* Available records:
┌──

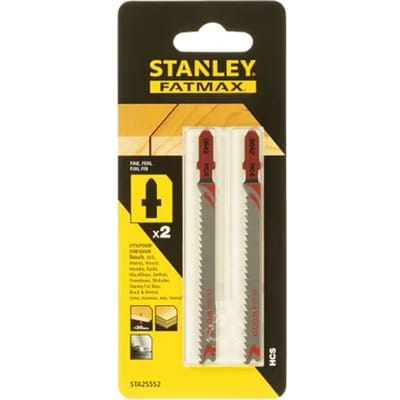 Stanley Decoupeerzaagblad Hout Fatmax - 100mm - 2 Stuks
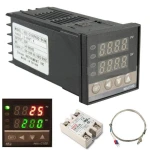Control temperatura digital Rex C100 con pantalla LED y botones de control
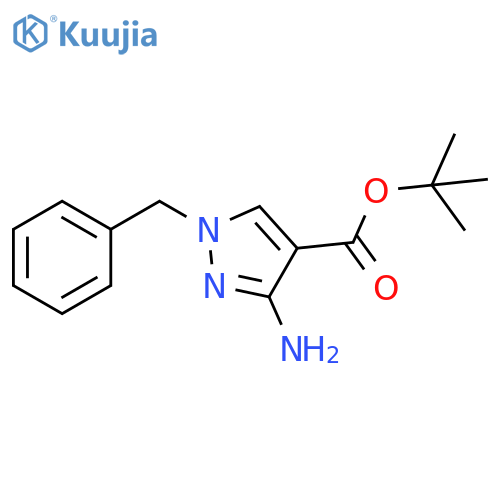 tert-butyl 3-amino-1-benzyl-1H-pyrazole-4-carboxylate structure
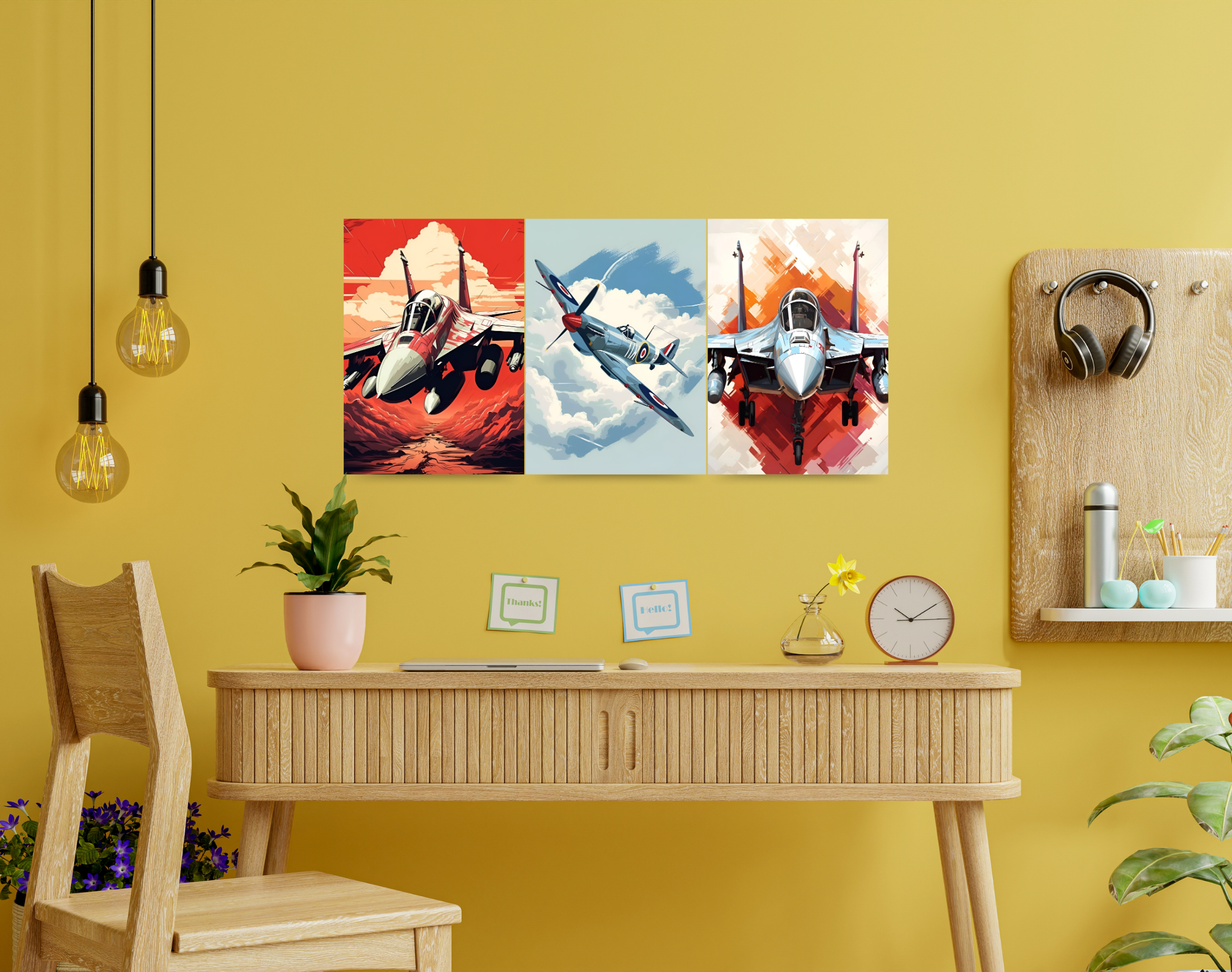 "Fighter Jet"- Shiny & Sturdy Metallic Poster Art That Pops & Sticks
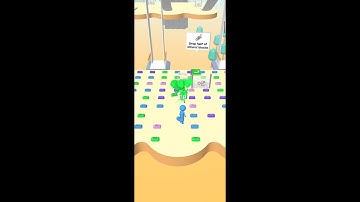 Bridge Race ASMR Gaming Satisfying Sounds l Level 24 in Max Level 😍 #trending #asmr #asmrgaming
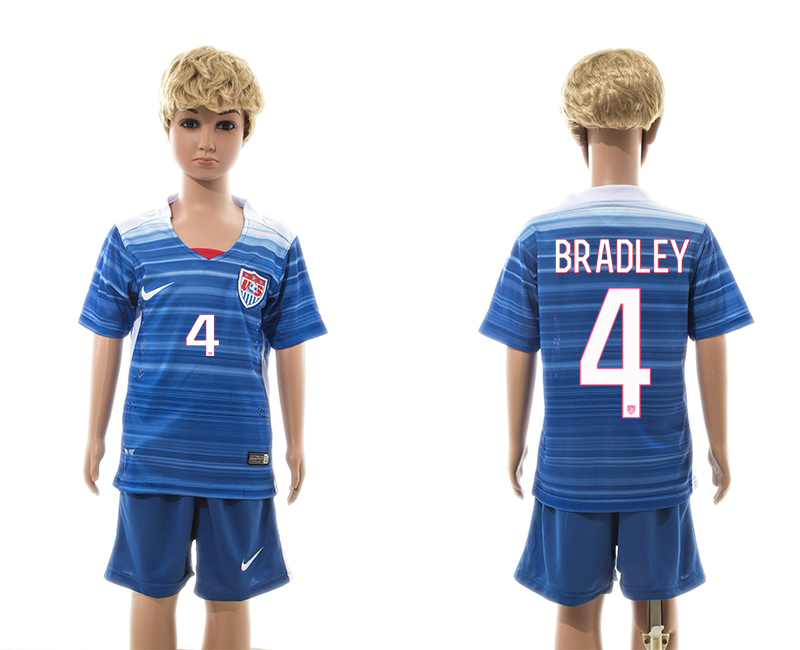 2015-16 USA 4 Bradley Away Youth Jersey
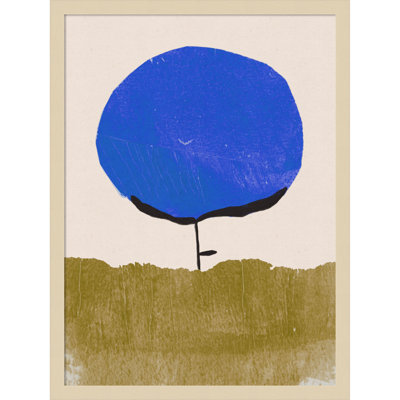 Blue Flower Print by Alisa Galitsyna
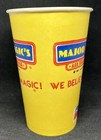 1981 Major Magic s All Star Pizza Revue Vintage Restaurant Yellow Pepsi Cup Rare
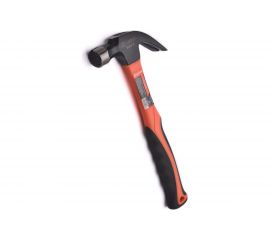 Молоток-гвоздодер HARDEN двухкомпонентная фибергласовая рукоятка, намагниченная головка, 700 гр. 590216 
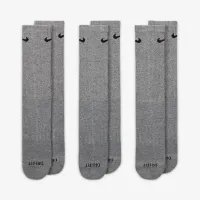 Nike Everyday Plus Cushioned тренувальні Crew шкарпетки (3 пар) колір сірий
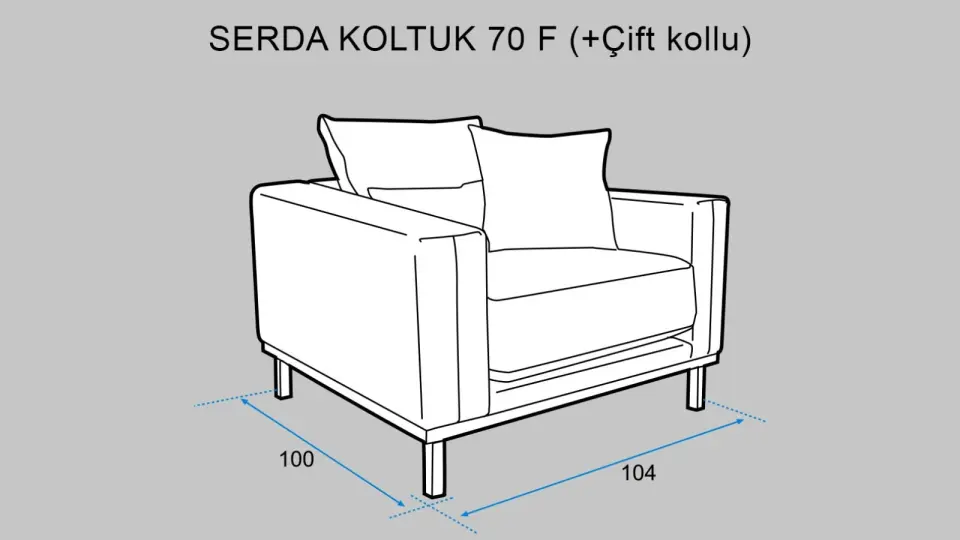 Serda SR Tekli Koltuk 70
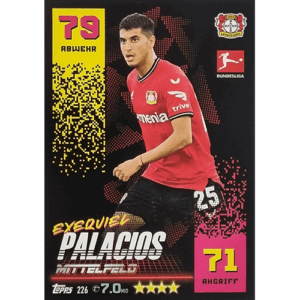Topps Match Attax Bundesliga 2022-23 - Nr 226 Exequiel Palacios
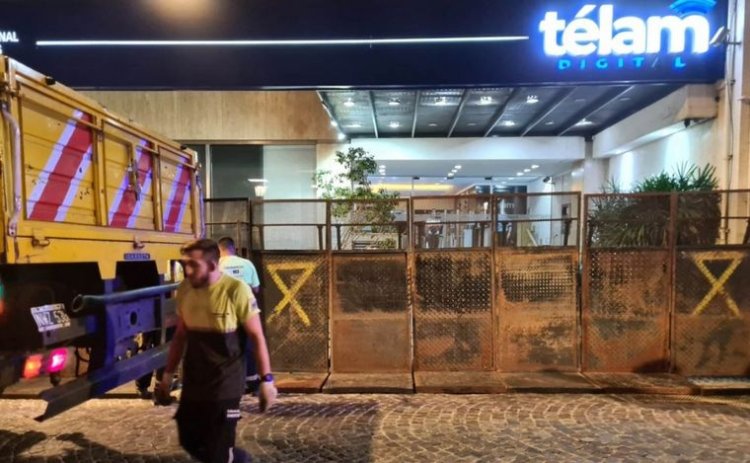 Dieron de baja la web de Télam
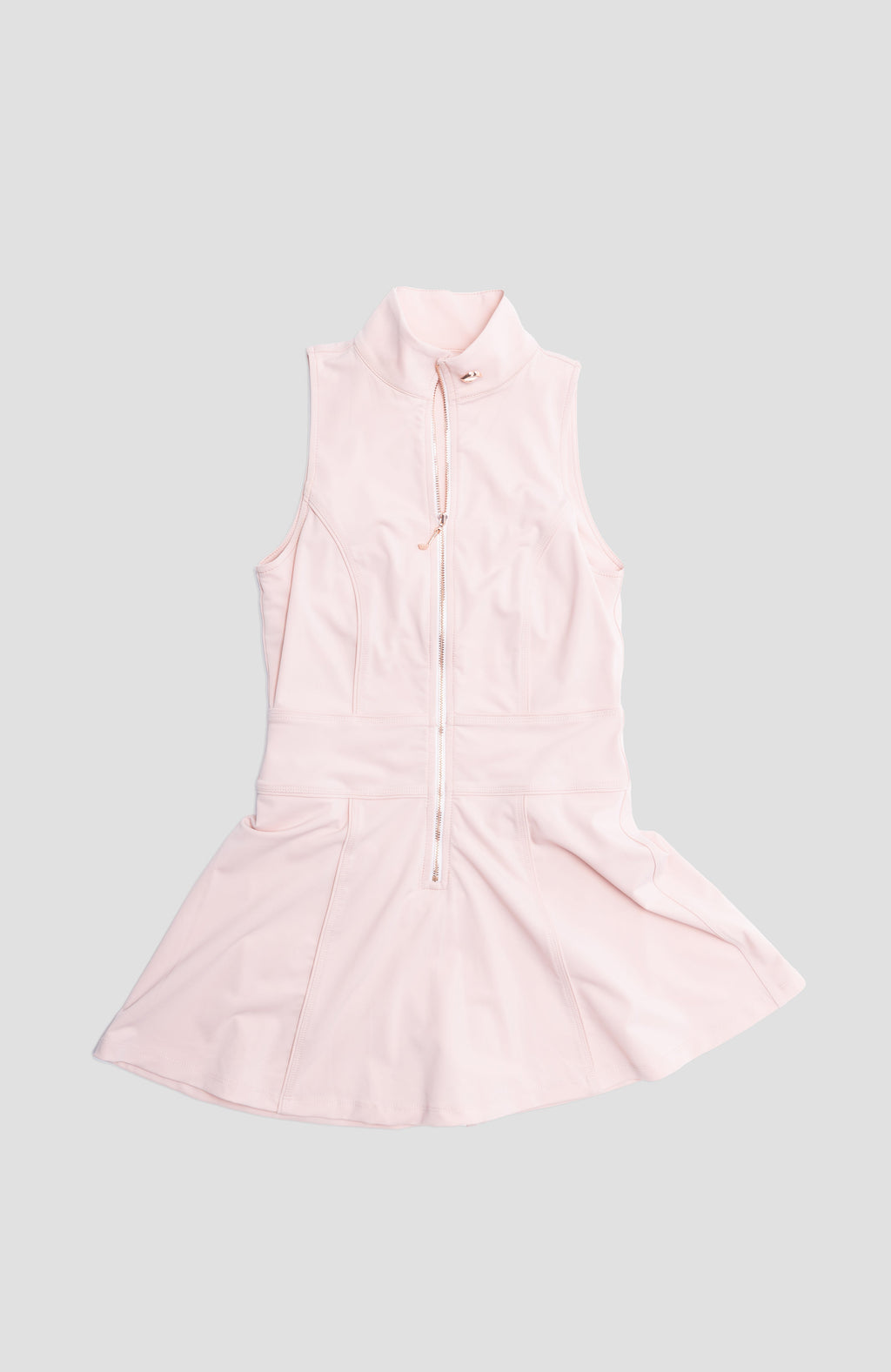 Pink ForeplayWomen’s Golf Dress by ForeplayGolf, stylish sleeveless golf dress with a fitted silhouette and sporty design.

└──

Every line of the material must be returned verbatim, and pictures must be left behind.

 Stanley Decoupeerzaagblad Hout Fatmax - 100mm - 2 Stuks
Control temperatura digital Rex C100 con pantalla LED y botones de control
 tert-butyl 3-amino-1-benzyl-1H-pyrazole-4-carboxylate structure
 "Fighter Jet"- Shiny & Sturdy Metallic Poster Art That Pops & Sticks
 Bridge Race ASMR Gaming Satisfying Sounds l Level 24 in Max Level 😍 #trending #asmr #asmrgaming
 2015-16 USA 4 Bradley Away Youth Jersey
 Blue Flower Print by Alisa Galitsyna
 1981 Major Magic s All Star Pizza Revue Vintage Restaurant Yellow Pepsi Cup Rare
 Молоток-гвоздодер HARDEN двухкомпонентная фибергласовая рукоятка, намагниченная головка, 700 гр. 590216 
 Nike Everyday Plus Cushioned тренувальні Crew шкарпетки (3 пар) колір сірий
 Serda SR Tekli Koltuk 70
Topps Match Attax Bundesliga 2022-23 - Nr 226 Exequiel Palacios
 Dieron de baja la web de Télam
 Pink ForeplayWomen’s Golf Dress by ForeplayGolf, stylish sleeveless golf dress with a fitted silhouette and sporty design.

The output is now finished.